I tried other possibilities like storing truncated floats or storing indices to a float table. In fact the code got a lot smaller, but eventually got overcompensated by the growth of the data section. In "ZINE #13: The making of Candystall" it was stated that using truncated floats was almost as compact as using bytes, it may be that it fits their overall design better than mine. Anyway, I tried those possibilities and decided to keep the byte parameters and remapping code since it always gave me the better results in the end; being slower in execution though. But execution time is not as important as compression ratio and final size of the code, since we're talking about a 4k synth here.

Now instead of only typing numbers in my data section for the VM instructions I created lots of defines which should make it easier to build instruments via code since I had not started with a GUI for the synth yet. The above instrument example then looked like this in my assembler file:


Quite readable I think and actually it almost felt like a sound programming language. And just in case you wonder: Yes, the first 4k songs using 4klang were created like that; writing VM code with the use of those macros. Of course the songs were not composed that way. Actually pOWL always composed the songs with my V2 clone in Madtracker and I ported everything by hand to 4klang as good as possible. That's the way we did it until Breakpoint 2008. After that I decided to finally wrap a GUI around the synth core and also to make it a VSTi for easier use in any host application the musician is happy with. I think it was a good decision because I was not eager to also code a buggy tracker and additionally the musician doesn't have to learn a new music tool completely from scratch. It's already enough to understand how to create instruments with the synth plugin itself.

"Using patterns is pretty simple on the code side and very compact on the data side"

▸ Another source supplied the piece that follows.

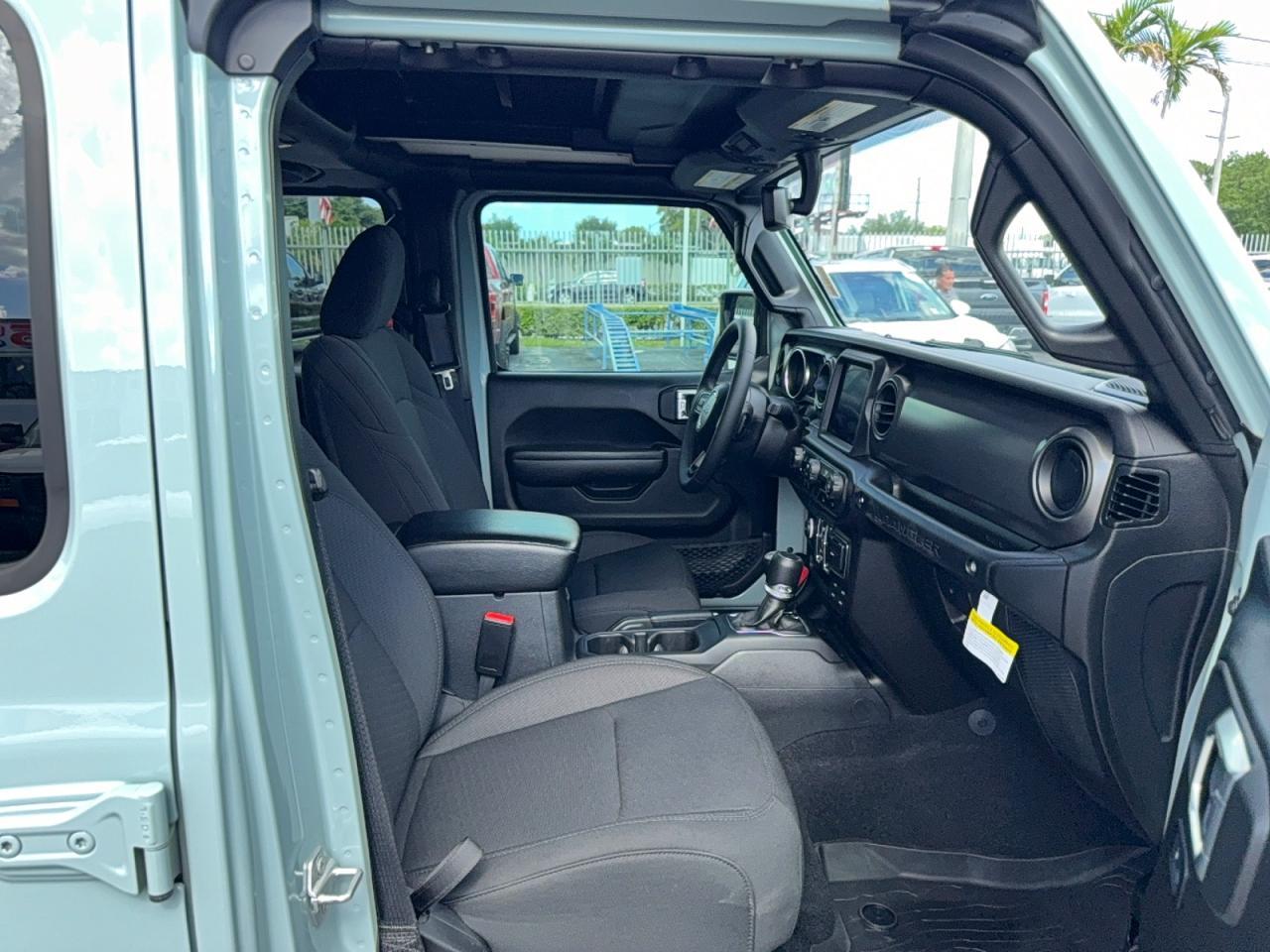 2023 JEEP WRANGLER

For the music information I decided to do it like most other 4k synths, just using patterns of a certain length (16 is a good value, but it's variable in 4klang) and using a list of pattern indices for each instrument to store the sequence. The only difference may be that I also added the possibility to have variable note lengths through a special "Hold" value in the patterns. Another option would have been to store some sort of delta encoded stream information similar to V2, but I somehow felt it would be bigger in most cases but maybe I'll give it a try some day. Using patterns is pretty simple on the code side and very compact on the data side. The only disadvantage is that you can only store the information for one note at a time for a certain instrument. This means that chords need additional instruments of the same type with different patterns. But hey, you just cannot have everything; after all we're still talking about 4k music.

And that’s pretty much the basic layout and technique behind 4klang.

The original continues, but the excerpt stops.